Allah en büyüktür, Hamd, Allah'a mahsustur.
*Ekmelüddin
El-Hanefi diyor ki: Bu tekbirin doğuş sebebi şöyledir:
Cebrail aleyhisselâm kurbanı
getirirken, İbrahim aleyhisselâm İsmail (a.s.)’ı kesme işini aceleye
getireceğinden korktuğu için acele olarak اَللّٰهُ اَكْبَرُ اَللّٰهُ اَكْبَرُ
اَللّٰهُ اَكْبَرُ diye
seslendi.
İbrahim (a.s.) bunu işitince; لَآ اِلٰهَ
اِلَّا اللّٰهُ وَاللّٰهُ اَكْبَرُ dedi.
İsmail (a.s.) da duruma vakıf olunca
o da; اَللّٰهُ اَكْبَرُ وَلِلّٰهِ الْحَمْدُ diyerek mukabelede bulundu.* (Büyük Şafii İlmihali
- Halil GÜNENÇ)
Bayram Gününün Âdabı
1.
Gusletmek, güzel koku
sürünmek, yeni elbise giymek. Bunların nedenleri Cuma bahsinde geçmişti.
2.
Bayram sabahı mescide erken
gitmek.
3.
Ramazan bayramında namaza
gitmeden önce bir şey yemek. Kurban bayramında ise namazdan dönünceye kadar bir şey yememek.
4.
Mescide veya namazgaha
yürüyerek gitmek, dönerken başka bir yoldan gelmek.
Cabir şöyle
demiştir: 'Hz. Muhammed (a.s.v.), Bayram namazına giderken başka bir yoldan
gidiyor, dönerken başka bir yoldan geliyordu'. (Buhari/943)
5.
İmam'ın, güneş doğduktan
sonra nafile namaz kılması mekruhtur. Başkaları içinse mekruh değildir. İbn Abbas şöyle rivayet
etmiştir: 'Hz. Muhammed (a.s.v.) Ramazan bayramı günü çıktı, iki rekât
(bayram) namazı kıldı. Ondan önce ve sonra başka namaz kılmadı'.
(Buhari/945)
Nafile namazlardan bazıları şunlardır:
1- Duha namazı. Bunun vakti, güneşin doğup bir mızrak
boyu kadar yükselmesiyle başlar ve öğleye kadar devam eder. En azı; iki rekât,
efdal olanı sekiz rekâttır.
2- Teheccüd namazı. Vakti, yatsı namazını kıldıktan
sonra girer ve fecir doğuncaya kadar devam eder. Bir miktar uyuduktan sonra,
uyanıp kılınır. En azı iki rekâttır, çoğu için bir sınır yoktur.

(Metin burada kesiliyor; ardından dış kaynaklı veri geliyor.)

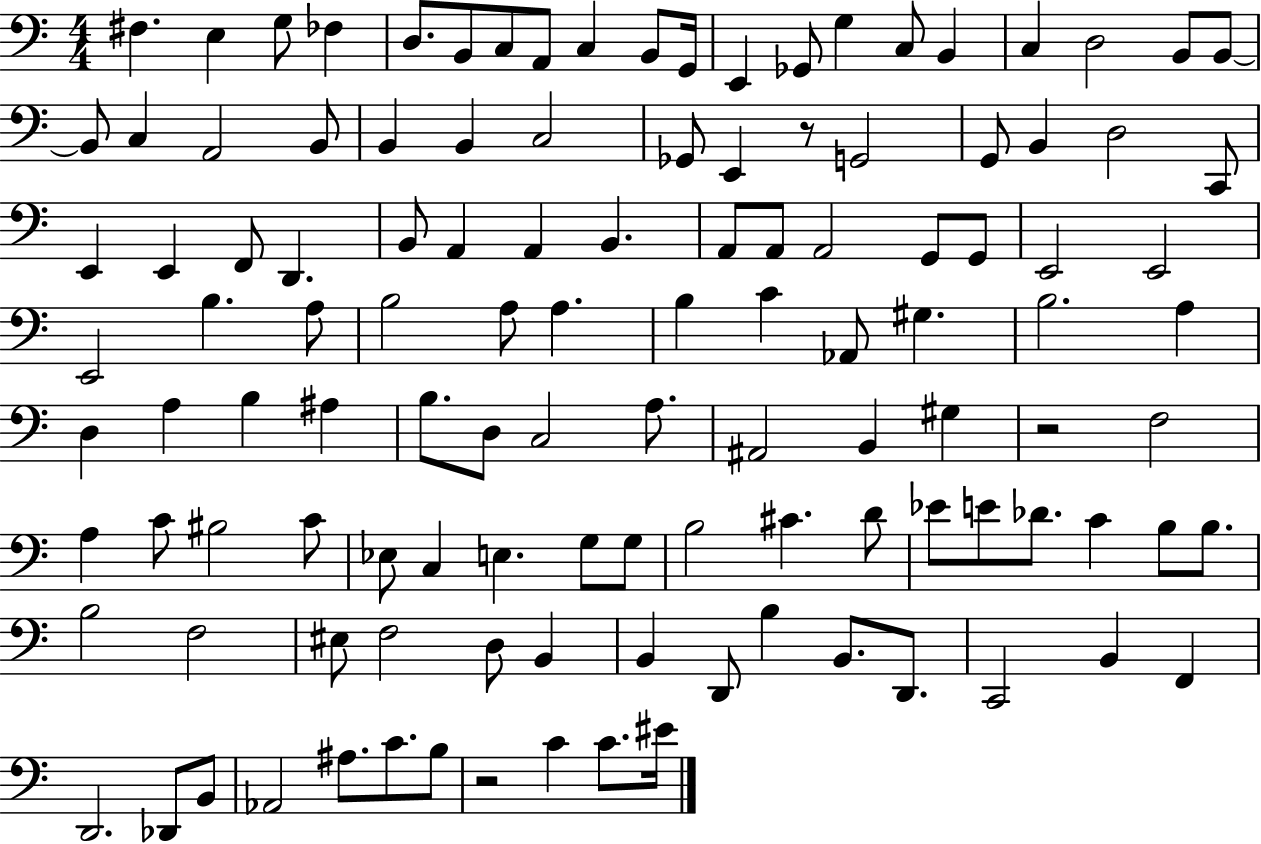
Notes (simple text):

F#3/q. E3/q G3/e FES3/q D3/e. B2/e C3/e A2/e C3/q B2/e G2/s E2/q Gb2/e G3/q C3/e B2/q C3/q D3/h B2/e B2/e B2/e C3/q A2/h B2/e B2/q B2/q C3/h Gb2/e E2/q R/e G2/h G2/e B2/q D3/h C2/e E2/q E2/q F2/e D2/q. B2/e A2/q A2/q B2/q. A2/e A2/e A2/h G2/e G2/e E2/h E2/h E2/h B3/q. A3/e B3/h A3/e A3/q. B3/q C4/q Ab2/e G#3/q. B3/h. A3/q D3/q A3/q B3/q A#3/q B3/e. D3/e C3/h A3/e. A#2/h B2/q G#3/q R/h F3/h A3/q C4/e BIS3/h C4/e Eb3/e C3/q E3/q. G3/e G3/e B3/h C#4/q. D4/e Eb4/e E4/e Db4/e. C4/q B3/e B3/e. B3/h F3/h EIS3/e F3/h D3/e B2/q B2/q D2/e B3/q B2/e. D2/e. C2/h B2/q F2/q D2/h. Db2/e B2/e Ab2/h A#3/e. C4/e. B3/e R/h C4/q C4/e. EIS4/s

3- Tehıyyet-ül-mescid namazı. Camiye girince;
oturmadan iki rekât olarak kılınır. Herhangi bir farz veya başka bir nafile
namaz kılınırsa, tehıyyet-ül-mescid namazı yerine de geçer.
4- Tesbih namazı. Bu namaz, dört rekâttır. İki rekâtta
bir selam vermek daha iyidir. Mekruh vakitler dışındaki bir zamanda kılınır.

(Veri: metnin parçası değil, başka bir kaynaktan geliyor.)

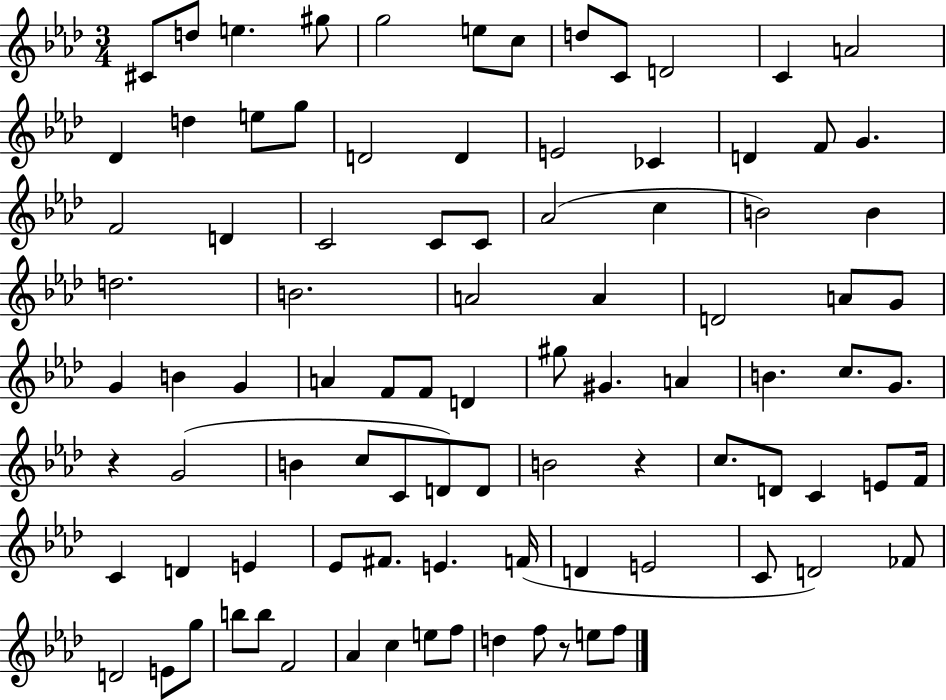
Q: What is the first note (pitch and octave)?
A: C#4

Her rekâtta 75 defa “Sübhanallahi vel-hamdü lillahi ve la ilahe illallahü
vellahü ekber” denir.
Bunun 15 adedi Fatiha ve sureyi okuduktan sonra
ayakta, 10’ar adedi de rüku’, itidal, birinci secde, iki secde arasındaki
oturuşta, ikinci secdede ve ondan sonraki istirahat ve teşehhüd oturuşlarında
okunur.
5- Evvabin namazı. Buna “gaflet” namazı da denir.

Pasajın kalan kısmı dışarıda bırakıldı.